Q-switched lasers are often used to produce pulses for applications requiring energetic pulses. The peak power in a laser pulse can be minimised for a given pulse energy by ensuring that the pulse consists of a single optical mode, thereby preventing interference between lasing modes that would produce high peak power spikes within the pulse, and by increasing the duration of the pulse. However, while there are established techniques for producing single-mode pulses from Q-switched lasers, these lasers typically produce pulses that have durations less than about 50.
Existing techniques for ensuring single-mode content of a pulse include the use of etalons within the resonator, injection seeding and servo control of the resonator length. Injection seeding of the Q-switched laser by the single frequency output of a continuous wave master laser is the preferred technique in a number of applications including remote sensing, as the output of the master laser can also then be used as the reference oscillator in the detection system. Also, it does not require additional components within the Q-switched laser.
There are a number of techniques by which the duration of a Q-switched pulse can be increased, or “stretched”. These include: (1) increasing the optical length of the resonator; (2) increasing the output coupling of the resonator or (3) adjusting and “throttling” the Q-switch so as to increase dynamically the output coupling of the laser resonator.
With regard to the first technique referred to above, it is clear that the option of increasing the resonator length will involve significant changes to the resonator configuration which may not be possible given the physical requirements and environment for the system. As would be apparent to those skilled in the art, each time the resonator length is changed it will be necessary to realign the laser making this approach unsuitable for those circumstances where flexibility is required in terms of defining the duration and energy of the laser pulse produced by the system.
Turning now to the second technique, this approach involves extending the duration of a pulse by increasing the output coupling of the laser. This effect can be achieved by either increasing the transmission of the out-coupling mirror or alternatively by adjusting the retardation provided by an intra-resonator wave-plate if the output coupling is achieved via an intra-resonator polarizer.
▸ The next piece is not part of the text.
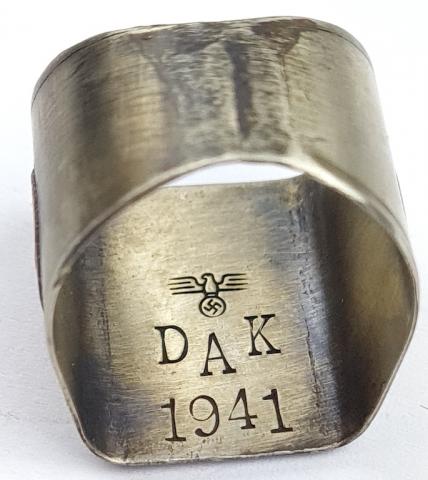 WW2 german Nazi DAK 1941 AFRIKAKORPS silver custom ring with 3 swastika, marked inside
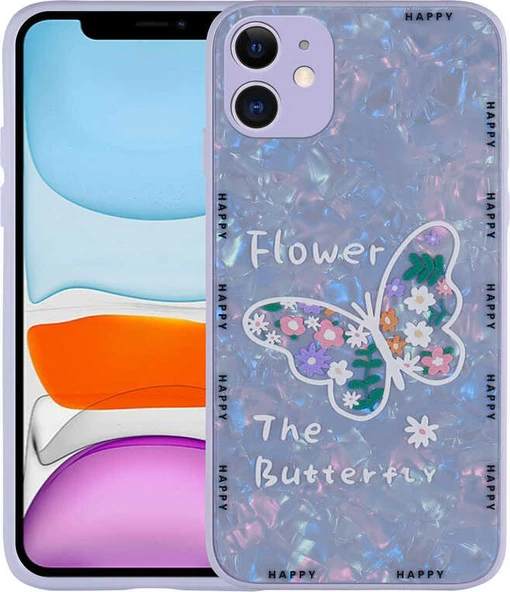 iPhone 12 Uyumlu Desenli Sert Silikon Mnc Mumila Kapak-Lilac Flower ürün görseli 1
However, increasing the transmission of the out-coupling mirror requires replacement of the mirror once again necessitating an overall realignment of the resonator. A tunable mirror in which the spacing between several mirrors is adjusted could possibly be used as the out-coupling mirror in order to provide dynamic control of the pulse width by changing the transmission characteristics of the mirror. However, this approach is complicated and the output coupling is not linearly related to the spacing of the mirrors.
Changing the output coupling and thereby the resultant pulse width via polarization control requires either mechanical adjustment of an intra-resonator wave plate or electrical adjustment of an intra-resonator Pockels Cell. The latter approach has only been demonstrated for standing-wave lasers and in cavity-dumped ring lasers that are optimised for the production of high peak power pulses and are not suitable for those applications where lower peak power Q-switched pulses are required.
One example of this approach includes the stretched-pulse injection-seeded Q-switched standing-wave laser described in U.S. Pat. No. 5,237,331 where in this system a Pockels cell and a polarizer are used to Q-switch a slave oscillator and the out-coupling is set by the orientation of an intra-resonator quarter-wave retardation plate. Whilst this laser system is able to produce a stretched pulse efficiently, it is a point design resulting in a fixed pulse width that cannot be adjusted in real-time. In addition, to minimize energy losses due to Fresnel reflections, it would be expected that the gain medium would need to include anti-reflection coated entrance and exit faces which will limit the maximum pulse energy as the anti-reflection coatings may be optically damaged at high pulse energies. Finally, standing-wave lasers in general have the disadvantage that they are subject to spatial hole burning which complicates the production of a single-mode output making these lasers unsuitable for coherent remote sensing applications.
Injection-seeded Q-switched travelling-wave or ring lasers for the production of narrow-band pulses have been described in U.S. Pat. No. 5,305,334 and US Patent Application No. 2002/0185701. However, both of the systems described in these documents use transmissive out-coupling mirrors and thus efficient dynamic control of the pulse duration cannot be achieved as pulse energy would be discarded from the resonator if the Pockels cell Q-switch was throttled. Furthermore, the output pulses would have a mixed polarization state, which is unsuitable for remote sensing applications.
The third technique to increase the pulse width is by the use of Q-switch throttling (see for example W. E. Schmid, IEEE J. Quantum. Electronics Vol. QE-16(7) pp. 790-4 (1980)) which in principle should allow for the dynamic variation of both pulse width and energy. This approach has only been demonstrated using standing-wave resonators with an out-coupling mirror which, as described previously, results in a system with low energy efficiency.
In summary, there have been a number of techniques for producing long duration Q-switched pulses that have been demonstrated in the prior art. However, these approaches all suffer from one or more of the following disadvantages: inefficiency, spatial-hole burning, dynamic control not possible, single point operation, inability to be used with Brewster-angled gain media, and mixed polarization state output.
It is an object of the present invention to provide a system for producing a laser light pulse capable of efficiently generating a pulse of variable duration and peak power.
It is a further object of the present invention to provide a system capable of producing a laser light pulse with a substantially plane polarization state.